DES MOINES, Iowa (July 14) -- In Iowa, if you hold a political rally, the presidential candidates will come. And Dan Quayle has been coming here quite a bit, doing everything but officially announcing he is a candidate.

"Clearly, I am going to put myself into a very strong position to be able to make a decision to run for president in 2000," the former vice president said during a recent interview with CNN.

And in recent polls here in Iowa, Quayle makes a decent showing. But he still must contend with what some call the "potato problem," a reference to an embarrassing spelling error that contributed to a malaprop-driven perception that Quayle is not to be taken seriously.

quayle

"I know, the potato thing is still there, and it's always going to be there, but if that's my biggest political mistake, I'm in good shape," Quayle has said.

But it's a mistake that has become a symbol of Quayle, vice president. In four years he never shook the image of a lightweight, and observers say Quayle has his work cut out for him still.

The Des Moines Register's Davis Yepsen said, "He took a pretty black eye.
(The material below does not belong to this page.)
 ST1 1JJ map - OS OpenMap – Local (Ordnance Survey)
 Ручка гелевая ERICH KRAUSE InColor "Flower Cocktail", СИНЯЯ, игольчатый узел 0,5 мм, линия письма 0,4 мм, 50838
And you can get hit so hard sometimes it leaves a permanent scar. He's got to try to change that and the way you do that is to start winning elections."

Quayle is trying to mobilize Christian conservatives, who have long been his base. So, when he bashes the Clinton White House, he talks about character and truth.

potato

"Now the Clinton Administration, they talk about building all these bridges. I'd like for them to build a bridge to intergrity," Quayle said during a recent speech.

But also essential to the Quayle strategy is putting the ridicule in the past. "I don't miss some of that national media. I don't miss Jay Leno, or David Letterman," he said.

With the comedians focused elsewhere, Quayle believes he can quietly repair his credibility.

Quayle needs all the time he can get. His job? To get rid of the smirks that often come at the mention of his name and try to wipe away an image that many consider indelible.